Question

how do you solve (3m-2)/(m+1)=4-(m+2)/(m-1)? if you could show steps please :)

Answer 1

Multiply through by (m+1) gives
\[3m-2=4(m+1)-(m+2)/(m ^{2}-1)\]
then rearrange so the fraction is on one side and the other terms on the other
\[(m+2)/(m ^{2}-1)=4m+4-(3m-2)=m+6\]
Then multiply up the bottom of the fraction
\[m+2=(m+6)(m ^{2}-1)=m ^{3}+6m ^{2}-m-6\]
Then rearrange so the equation is equal to zero
\[m ^{3}+6m ^{2}-2m-8=0\]
Then solve this polynomial, though I come out with long fractions - possibly I misinterpreted the question :S I assumed the 4 was not in the fraction, is that right?

Answer 2

You have a small mistake
\[\frac{m+2}{m-1} (m+1) \neq \frac{m+2}{m^2-1}\]

Answer 3

Damn, I knew I had done something, sorry!
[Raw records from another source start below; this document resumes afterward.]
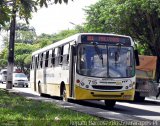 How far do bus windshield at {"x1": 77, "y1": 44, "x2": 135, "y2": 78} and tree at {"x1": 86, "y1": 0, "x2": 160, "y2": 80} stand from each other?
1877cm

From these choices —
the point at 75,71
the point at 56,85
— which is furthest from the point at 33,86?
the point at 75,71

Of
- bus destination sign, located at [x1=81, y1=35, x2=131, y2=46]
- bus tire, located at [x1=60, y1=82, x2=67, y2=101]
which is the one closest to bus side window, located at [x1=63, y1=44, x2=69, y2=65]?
bus tire, located at [x1=60, y1=82, x2=67, y2=101]

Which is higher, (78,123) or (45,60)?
(45,60)

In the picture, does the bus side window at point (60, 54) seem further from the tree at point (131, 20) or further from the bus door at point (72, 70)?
the tree at point (131, 20)

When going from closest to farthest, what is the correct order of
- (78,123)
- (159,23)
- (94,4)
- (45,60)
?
1. (78,123)
2. (45,60)
3. (159,23)
4. (94,4)

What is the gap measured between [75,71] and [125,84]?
200 centimetres

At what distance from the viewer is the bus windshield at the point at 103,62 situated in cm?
1681

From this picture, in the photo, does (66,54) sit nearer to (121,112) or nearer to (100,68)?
(100,68)

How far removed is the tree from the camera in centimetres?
3678

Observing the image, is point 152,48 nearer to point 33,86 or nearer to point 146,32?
point 146,32

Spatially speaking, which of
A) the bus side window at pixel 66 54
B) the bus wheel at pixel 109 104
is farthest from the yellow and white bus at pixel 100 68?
the bus wheel at pixel 109 104

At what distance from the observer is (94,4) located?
1690 inches

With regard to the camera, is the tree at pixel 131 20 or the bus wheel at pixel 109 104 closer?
the bus wheel at pixel 109 104

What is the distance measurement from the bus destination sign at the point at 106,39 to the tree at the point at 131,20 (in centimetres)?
1827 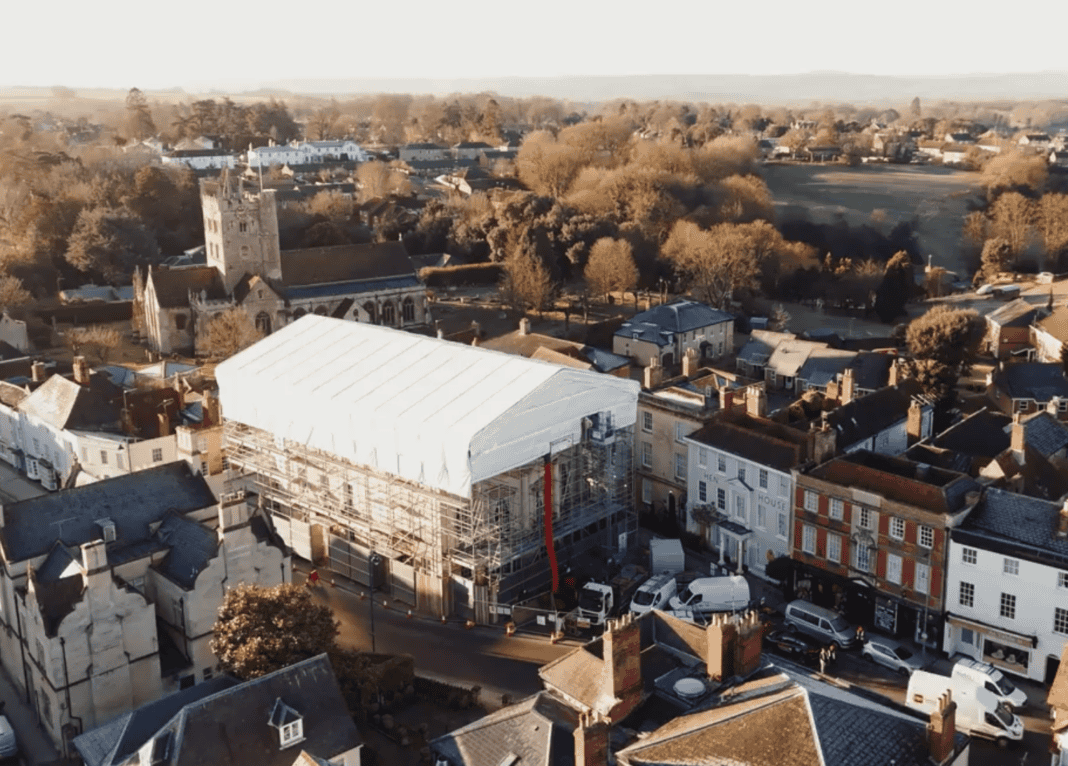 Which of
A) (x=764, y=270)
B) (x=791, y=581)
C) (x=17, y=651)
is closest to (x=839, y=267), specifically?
(x=764, y=270)

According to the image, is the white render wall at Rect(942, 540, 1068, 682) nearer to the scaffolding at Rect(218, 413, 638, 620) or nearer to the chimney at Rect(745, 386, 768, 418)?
the chimney at Rect(745, 386, 768, 418)

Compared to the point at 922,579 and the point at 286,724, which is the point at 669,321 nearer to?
the point at 922,579

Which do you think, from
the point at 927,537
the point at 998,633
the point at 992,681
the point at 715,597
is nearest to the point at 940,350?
the point at 927,537

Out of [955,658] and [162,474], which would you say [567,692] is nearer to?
[955,658]


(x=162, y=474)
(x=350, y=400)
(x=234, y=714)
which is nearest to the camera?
(x=234, y=714)

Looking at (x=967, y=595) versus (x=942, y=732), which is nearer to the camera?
(x=942, y=732)

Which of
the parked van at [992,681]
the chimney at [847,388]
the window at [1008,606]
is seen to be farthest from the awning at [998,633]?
the chimney at [847,388]

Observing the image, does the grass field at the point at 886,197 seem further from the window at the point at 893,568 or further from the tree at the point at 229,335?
the window at the point at 893,568

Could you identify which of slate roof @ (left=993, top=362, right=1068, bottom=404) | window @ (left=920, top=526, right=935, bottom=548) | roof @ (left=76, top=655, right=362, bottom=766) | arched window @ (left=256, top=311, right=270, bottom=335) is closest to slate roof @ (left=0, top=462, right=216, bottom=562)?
roof @ (left=76, top=655, right=362, bottom=766) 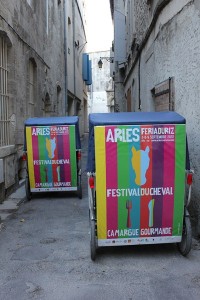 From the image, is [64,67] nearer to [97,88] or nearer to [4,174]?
[4,174]

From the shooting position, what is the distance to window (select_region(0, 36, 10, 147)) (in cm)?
782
I will leave it to you lovely people to solve then, it seems I am too tired to keep maths in my head for now :) Basically for any equation like that, you get rid of the simple fraction by multiplying up, rearrange the equation so the remaining fraction is on one side, multiply up again, rearrange for zero and solve the resultant polynomial.

Answer 4

\[\frac{3m-2}{m+1}=4-\frac{m+2}{m-1} \iff 3m-2=4(m+1)-\frac{(m+2)(m+1)}{m-1},m\neq \left\{ -1; 1 \right\}\]
\[\iff (3m-2)(m-1)=4(m+1)(m-1)-(m+2)(m+1)(m-1), m\neq \left\{ -1;1 \right\}\]
\[\iff 3m^2-3m-2m+2=4(m^2-1)-(m+2)(m^2-1),m\neq \left\{ -1;1 \right\}\]
\[\iff 3m^2-5m+2=4m^2-4-(m^3+2m^2-m-2),m\neq \left\{ -1;1 \right\}\]
\[\iff 3m^2-5m+2=2m^2-m^3+m-2,m\neq \left\{ -1;1 \right\}\]
\[\iff m^3+m^2-6m+4=0,m\neq \left\{ -1;1 \right\}\]

I THINK... although I'm not sure about it all...

Answer 5

Um, sorry, second line, is
\[\iff (3m-2)(m-1)=4(m+1)(m-1)-(m+2)(m+1),m\neq \left\{ -1;1 \right\}\]
Then keep going, it's much easier to solve...